One of the crucial aspects of commercial security is visitor management. The security of any location with a constant flow of people is to no small degree dependent on the careful and effective control of visitors, contractors and anyone legitimately coming and going throughout the course of a day.
A crucial aspect of visitor management, however, is privacy. In the past, companies paid scant attention to privacy and details collected from visitors, even details as sensitive as identity numbers, were handled carelessly. Today, privacy is becoming an important issue globally, and the introduction of the POPI Act, when it is eventually enforced, will have significant implications as to the collection, use and disposal of such information.

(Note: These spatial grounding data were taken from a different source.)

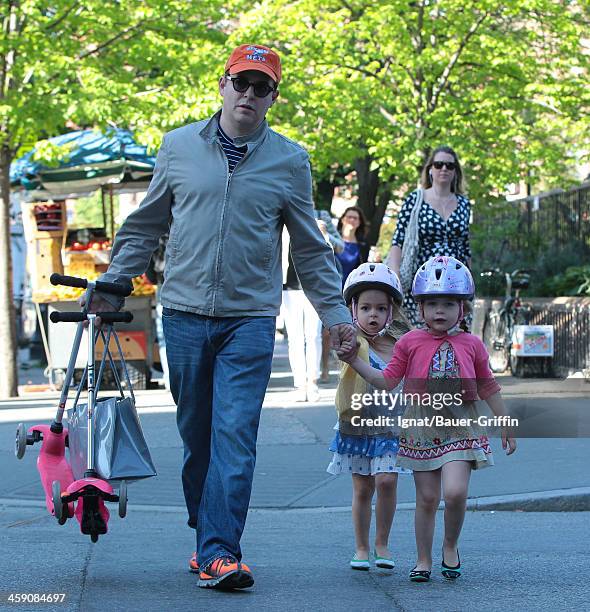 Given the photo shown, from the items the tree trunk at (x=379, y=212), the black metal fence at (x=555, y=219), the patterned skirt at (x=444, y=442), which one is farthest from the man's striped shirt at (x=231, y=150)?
the tree trunk at (x=379, y=212)

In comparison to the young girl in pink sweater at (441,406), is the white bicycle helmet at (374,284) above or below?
above

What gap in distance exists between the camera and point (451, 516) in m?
5.81

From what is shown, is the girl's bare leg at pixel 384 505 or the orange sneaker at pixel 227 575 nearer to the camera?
the orange sneaker at pixel 227 575

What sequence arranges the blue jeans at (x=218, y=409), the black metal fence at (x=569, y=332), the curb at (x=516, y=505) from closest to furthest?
1. the blue jeans at (x=218, y=409)
2. the curb at (x=516, y=505)
3. the black metal fence at (x=569, y=332)

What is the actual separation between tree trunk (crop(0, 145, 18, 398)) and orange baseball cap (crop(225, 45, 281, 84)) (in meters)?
9.95

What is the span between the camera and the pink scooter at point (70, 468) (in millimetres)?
5582

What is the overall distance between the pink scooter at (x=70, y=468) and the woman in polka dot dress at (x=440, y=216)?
11.3ft

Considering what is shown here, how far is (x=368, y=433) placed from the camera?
19.9 ft

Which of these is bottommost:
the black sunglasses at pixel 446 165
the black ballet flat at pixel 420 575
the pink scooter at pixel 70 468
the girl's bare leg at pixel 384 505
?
the black ballet flat at pixel 420 575

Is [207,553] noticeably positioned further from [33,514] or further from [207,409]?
[33,514]

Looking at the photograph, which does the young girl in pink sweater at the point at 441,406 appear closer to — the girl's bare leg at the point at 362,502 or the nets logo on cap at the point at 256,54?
the girl's bare leg at the point at 362,502

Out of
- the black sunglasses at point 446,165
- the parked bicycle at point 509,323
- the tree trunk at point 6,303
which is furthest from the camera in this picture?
the parked bicycle at point 509,323

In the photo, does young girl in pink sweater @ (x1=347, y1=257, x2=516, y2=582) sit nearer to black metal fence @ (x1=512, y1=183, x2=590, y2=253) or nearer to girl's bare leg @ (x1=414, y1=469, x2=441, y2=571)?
girl's bare leg @ (x1=414, y1=469, x2=441, y2=571)

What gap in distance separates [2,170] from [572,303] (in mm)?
6563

Hi-Tech Security Solutions approached a number of experts in the field of visitor management and asked them for some insight into the topic, especially as far as privacy is concerned. Our interviewees were:
• Mark Paynter from Ideco,
• Gary Chalmers from iPulse, and
• Barry East from Impro Technologies.
Hi-Tech Security Solutions: Privacy is a major issue today. Many visitor management solutions read very personal information, such as ID numbers from drivers’ licences and collect phone numbers and so forth. Is all this information really necessary for access to a location? Why do they require this information and what do they do with it?
Mark Paynter: There are two crucial considerations to the above. Firstly, occupational health and safety legislation and the physical security and risk exposure of an organisation, and secondly the protection and risk exposure of visitors’ and organisations’ personal information.
Physical security and fraud: One of the biggest operational challenges faced by organisations in South Africa these days is physical security and fraud. Statistics show that incidents of armed robberies, intrusions and related occurrences continue to follow an upward trajectory. Commercial fraud also follows an upward trend year on year. This is forecast to increase with the current economic downturn. It is therefore vital that organisations mitigate and minimise their physical security and fraud risk exposure by implementing the latest solutions and proven best-of-breed crime prevention systems.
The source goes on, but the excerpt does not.